→ Supplied information
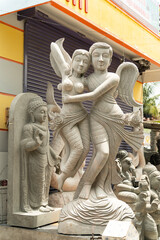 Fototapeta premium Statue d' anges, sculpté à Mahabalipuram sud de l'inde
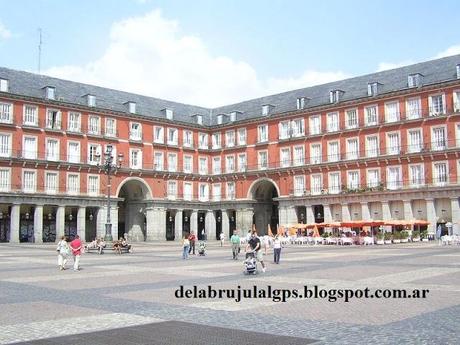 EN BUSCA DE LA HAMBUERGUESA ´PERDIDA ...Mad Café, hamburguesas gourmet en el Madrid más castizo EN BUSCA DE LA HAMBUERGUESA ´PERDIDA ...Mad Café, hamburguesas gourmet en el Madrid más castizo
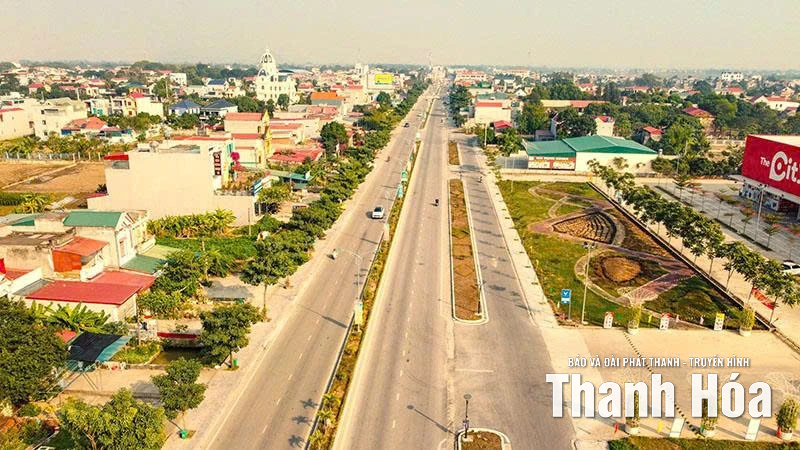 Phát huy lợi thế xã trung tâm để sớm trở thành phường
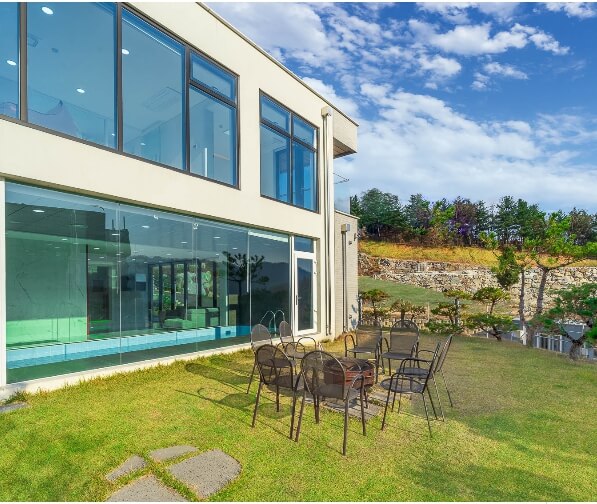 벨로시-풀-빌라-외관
--
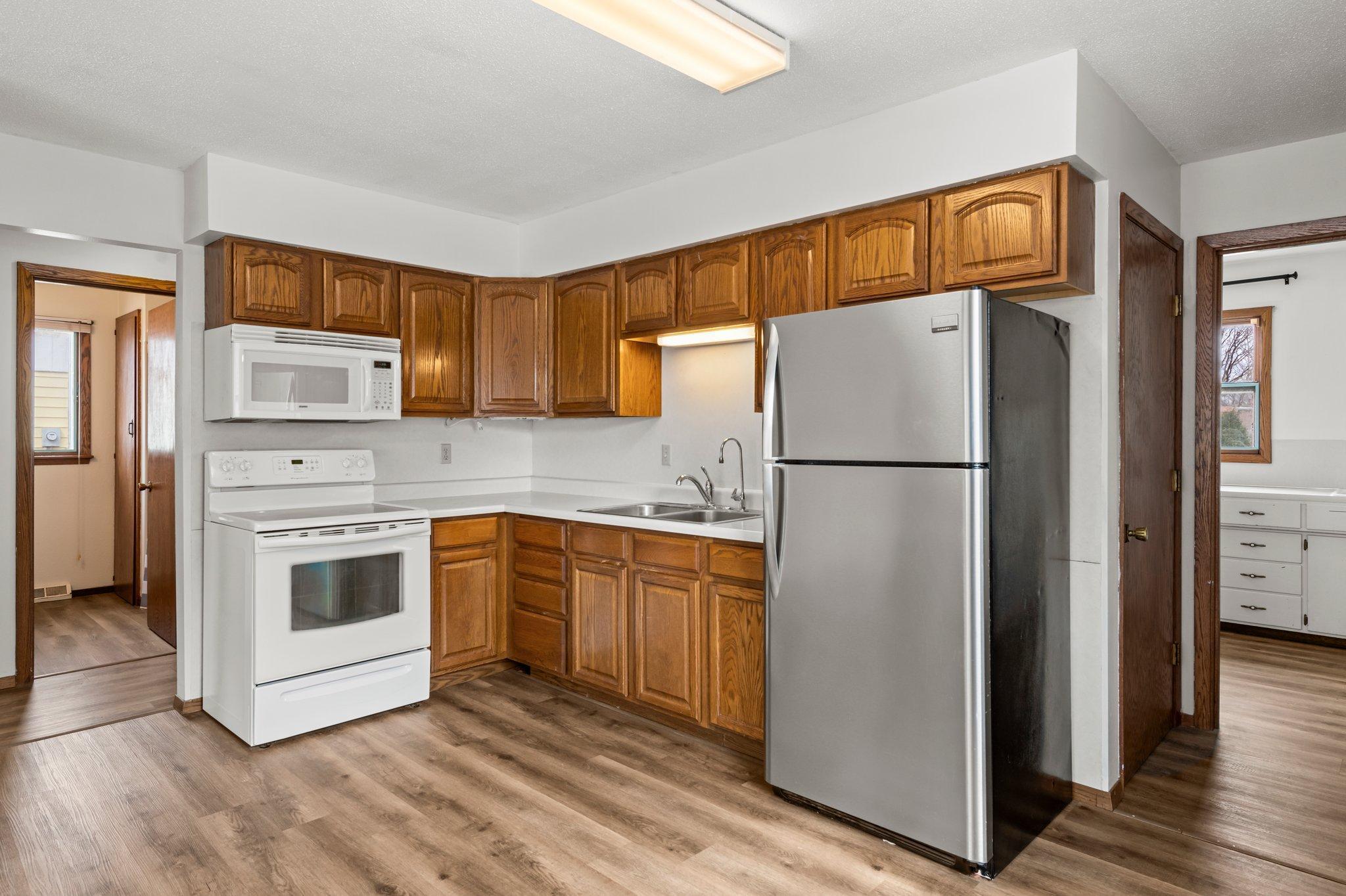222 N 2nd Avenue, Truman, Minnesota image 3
==
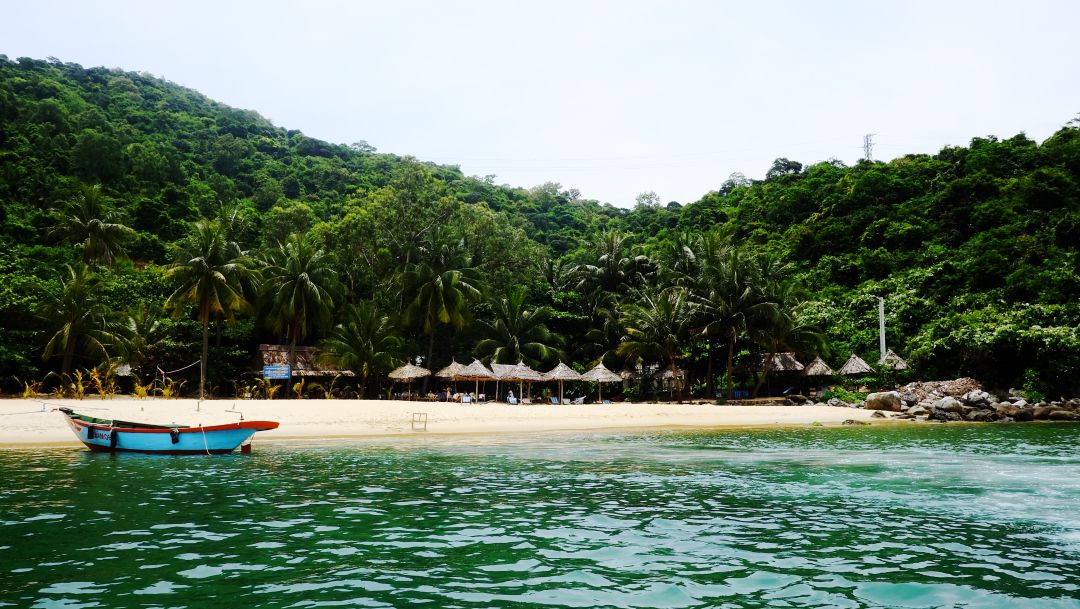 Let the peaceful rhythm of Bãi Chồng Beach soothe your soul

→ Problem to solve
Although the records hold pictures, the copy must not; give again exactly the lines from the one with "Fototapeta premium Statue" through the one with "más castizo EN".

→ Solution
 Fototapeta premium Statue d' anges, sculpté à Mahabalipuram sud de l'inde
 EN BUSCA DE LA HAMBUERGUESA ´PERDIDA ...Mad Café, hamburguesas gourmet en el Madrid más castizo EN BUSCA DE LA HAMBUERGUESA ´PERDIDA ...Mad Café, hamburguesas gourmet en el Madrid más castizo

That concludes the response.